當時,宦官王振獨掌軍政大權,在他的極力慫恿下,英宗皇帝于1449年7月親帥50萬大軍出征。一個月后,大軍浩浩蕩蕩至山西大同,王振聽到前線戰敗的消息后,決定回師。當退至河北省懷來縣土木堡時,被也先率軍包圍,敵人利用明軍嚴重缺水、軍心不穩的情況,以允許講和、移軍就水為誘餌,使明軍棄城南移,瓦剌軍隊得以合圍成功,進攻明軍,明軍軍心渙散,人不思戰,自相踐踏,雖有66位將領浴血奮戰,戰死疆場,也無法挽救殘敗的局面。浩浩蕩蕩的50萬軍隊全軍覆沒,土木堡血流成河,慘不忍睹,英宗皇帝被俘。
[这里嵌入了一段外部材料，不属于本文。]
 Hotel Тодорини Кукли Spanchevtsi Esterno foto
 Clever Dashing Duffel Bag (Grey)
正當我感嘆往事不可追之時,隨著一聲清亮的笛響,土木車站到了。我們沿著鄉間小路朝土木堡走去,沿途五六公里的路程沒有交通工具,極目遠望,前方矗立著一座座風化了的群山,光禿禿的,上面什么都沒有,我的心中一沉,說不盡的哀婉情緒緊緊地包裹了我,群山像是用50萬將士的軀體化成的泥土堆起的山包,周圍是無邊無際的農田,大部分種植的是玉米,那棵棵玉米秧掛著沉重的棒子搖來晃去,像是在炫耀自己,引起別人的注意。

懷來古城
土木堡到了。
我懷著不可名狀的心情向土木堡撲去,把同伴遠遠甩在后面。是啊!好久了,土木堡是隱藏在我心中一塊柔軟的地方,我太想見到它了。今天,終于看見了!
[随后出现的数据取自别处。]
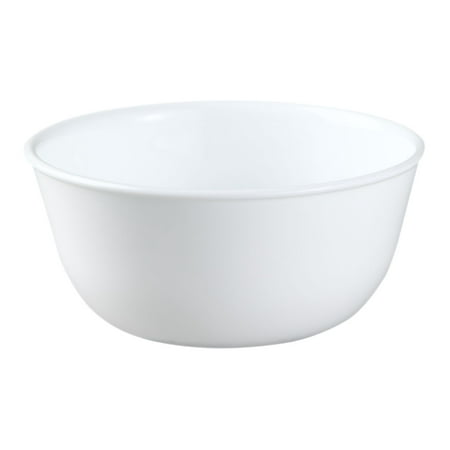 

Corelle Livingware 28-Ounce Super Soup/Cereal Bowl White Winter Frost (Pack of 1)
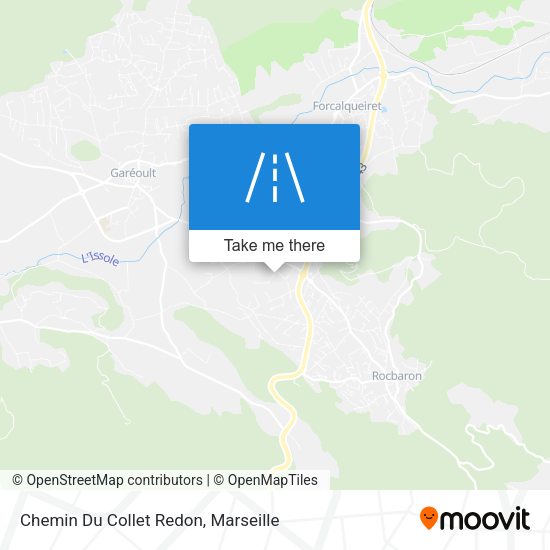Chemin Du Collet Redon map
它敦實、壯觀、歷經滄桑,雖已殘墻斷壁,仍偉岸地矗立著。它和我心中想象的一樣,城墻上生長著星星落落的荒草隨風搖晃,像在責怪著我,這么多年了也不過來看看!我的眼睛濕潤了……
二
土木堡,位于河北省懷來縣城東南8公里的土木鄉土木村。東接狼山村,北跨白龍潭原始森林,南臨官廳水庫,西靠沙城鎮,海拔578米。土木堡原名“統幕”相傳是遼王游幸時支張統帥大幕的地方,后訛傳為土木。從元朝開始,這里又建成了大都通往中都、上都的中心驛站,后來因水患,多次筑堡卻都被大水沖毀。明朝永樂年間,經高人指點,按船形建堡,才開始平安無事。城池高11.6米,厚3.3米,周長1190米,設東、西、南三座城門。
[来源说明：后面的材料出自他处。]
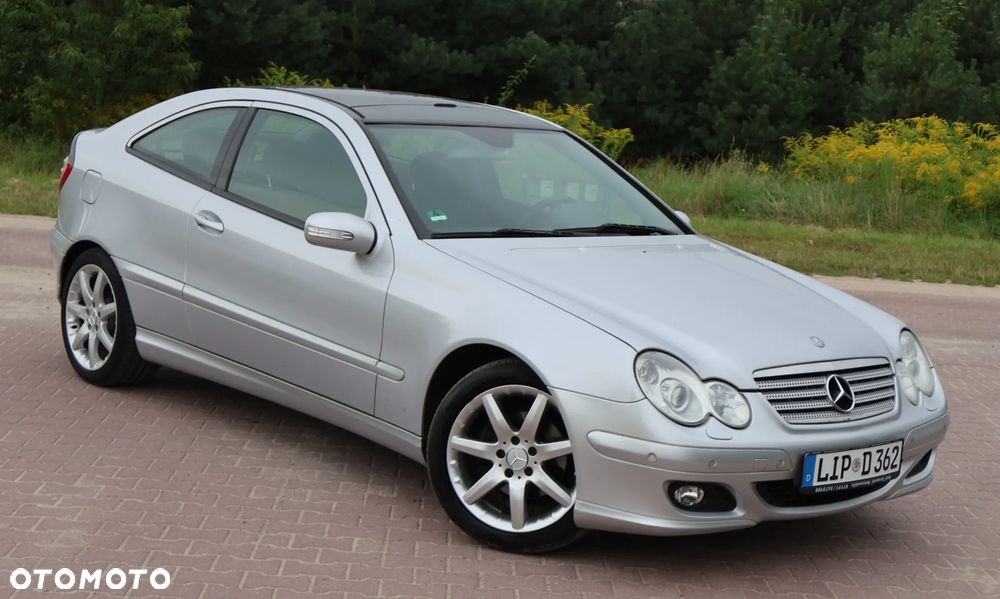 Mercedes-Benz Klasa C 180 Kompressor Automatik - 1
土木堡黃色的城墻上,很多處被黑色浸染,落著歷史的塵埃,上面坑坑洼洼、遍布痕印。
站在古城墻上,我不由想起了那次慘絕人寰的戰場,活生生的50萬軍隊被也先的3萬騎兵殺戮,那是50萬的生靈啊!在這個小小的村莊,無論是農田里,房屋下,還是荒草間,河岸旁,到處都有死難將士的白骨,藍藍的天上飛翔著50萬將士的靈魂。
望著眼前的一切,我堅定了揭開籠罩歷史的腥風血雨,探尋被灰塵掩沒的歷史秘密,我要為死難的將士呼屈喊冤;譴責英宗皇帝的昏庸無能;鞭撻王振涂炭生靈的罪惡;為土木之變后力挽狂瀾、勇保社稷的景泰皇帝正名;歌頌領導北京保衛戰的民族英雄于謙。讓時間的流水,沖走泥沙,將真金留下。

居庸關一段
站在土木堡這塊土地上,我真真切切地感受到,斑駁的歷史畢竟不可能再現它的血肉,今天來到這里的人們,與五百多年前的50萬將士們達成了空間上的融合,然而,誰又能感受到歷史的詭譎?不少人都能做到領略自然風光,卻與此地承載的歷史分開,忘情于農家小院,忘情于田園生活。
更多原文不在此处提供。